画像処理能力をLightroomで試してみた
通常、写真家の多くはデジタル写真を「RAW」で撮影している。RAWとは、JPEGなどの一般的な画像形式になる前の、写真の生データのこと。大抵はカメラ側で自動的にRAWからJPEGに変換(現像)されているので普通の人が意識することは少ないかもしれないが、手作業で現像することで写真をより思い通りのイメージに近づけることができるのだ。
RAW画像の現像作業というのは大量の写真を一括処理するケースが多いこともあり、マシンパワーを要求する作業なので、これも「UH90/B1」で試してみたい。
「UH90/B1」に写真現像ソフト「Adobe Photoshop Lightroom」(別売)をインストール。撮影したRAWデータ20枚を同期させ、一括で画像調整(すべての項目を少しずつ調整)したものをJPEG(画質:最高、画像のサイズ原寸)で別フォルダに書き出してみた。
結果は2分10秒で処理が終わった。1枚あたり6.5秒だ。出先での作業には十分すぎる処理速度だろう。ちなみにJPEGからJPEGにならば50秒で画像調整を一括でできた。
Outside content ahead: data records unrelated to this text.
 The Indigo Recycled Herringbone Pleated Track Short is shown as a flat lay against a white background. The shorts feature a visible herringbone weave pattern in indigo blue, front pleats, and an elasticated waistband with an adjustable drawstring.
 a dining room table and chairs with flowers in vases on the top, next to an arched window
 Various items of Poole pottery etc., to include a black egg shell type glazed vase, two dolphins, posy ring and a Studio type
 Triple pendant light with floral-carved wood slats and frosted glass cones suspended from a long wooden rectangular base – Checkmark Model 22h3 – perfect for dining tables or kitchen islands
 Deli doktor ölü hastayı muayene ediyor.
溜まった素材を活かして動画編集、いいね!も量産できそう?
ところで「UH90/B1」には動画編集ソフト「CyberLink PowerDirector 14 for FUJITSU」が同梱されている。このソフトは動画編集ソフトとしては定番中の定番で、簡単な操作で動画が編集できる(実は私も持っている)。
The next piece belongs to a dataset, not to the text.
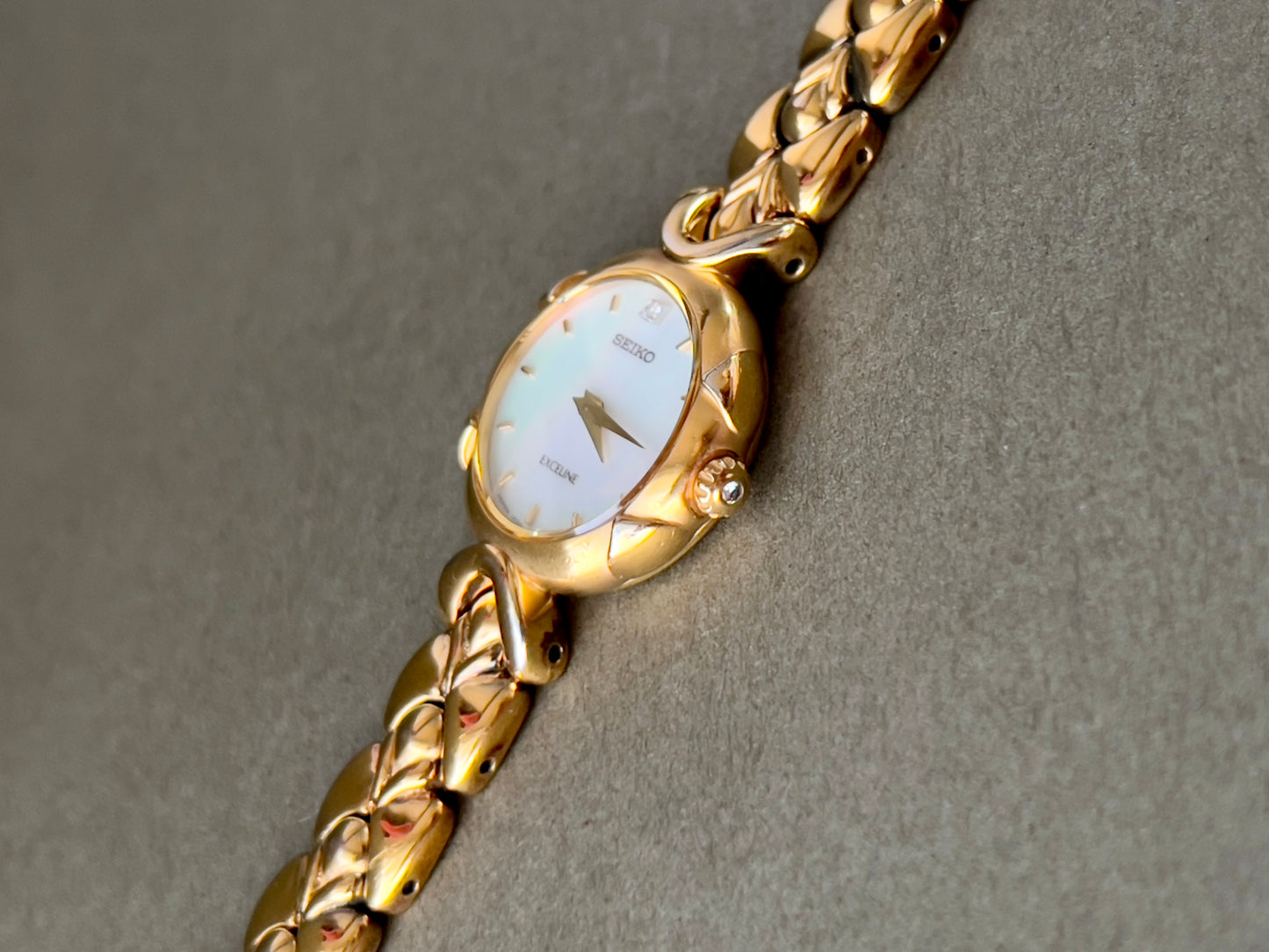 Seiko Exceline Gold Toned Woman's Watch with Radiant Mother of Pearl Dial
最近の一眼レフは動画が撮れるし、スマホで手軽に動画を撮影する人も多そうだが、大抵は撮りっぱなしになっているだろう。こうしたソフトを使って、複数の動画をつなぎ合わせてテロップを入れ、音楽を入れる程度でも十分楽しいし、サクッと作って動画サイトにアップし、多くの人に見てもらうのも良いだろう。今回はスマホに入っていた動画と写真を合わせて切り貼りして、音楽はフリー素材をダウンロードしてみた。
実際に編集した我が子たちの動画
BGM:フリーBGM・音楽素材MusMus
バランスの良さが力強いモバイルノートPC
カメラからの転送、保存、書き出しや読み込み、そして画像処理やRAW現像。どれも満足できる性能だった。何より、軽量さ、薄さ、そして強靱なボディは、得てして過酷な状況となってしまいがちな写真家の仕事にも力強く応えてくれる。
ストレスない作業を実現する「パフォーマンス」と、軽量・スリムゆえの「取り回しの良さ」、そして力強い安心感をくれる「堅牢性」。この3つの特長はいわばPCの「心・技・体」である。それらをバランスよく兼ね備えた「UH90/B1」は、写真家が求める性能を過不足なく体現していると言えるだろう。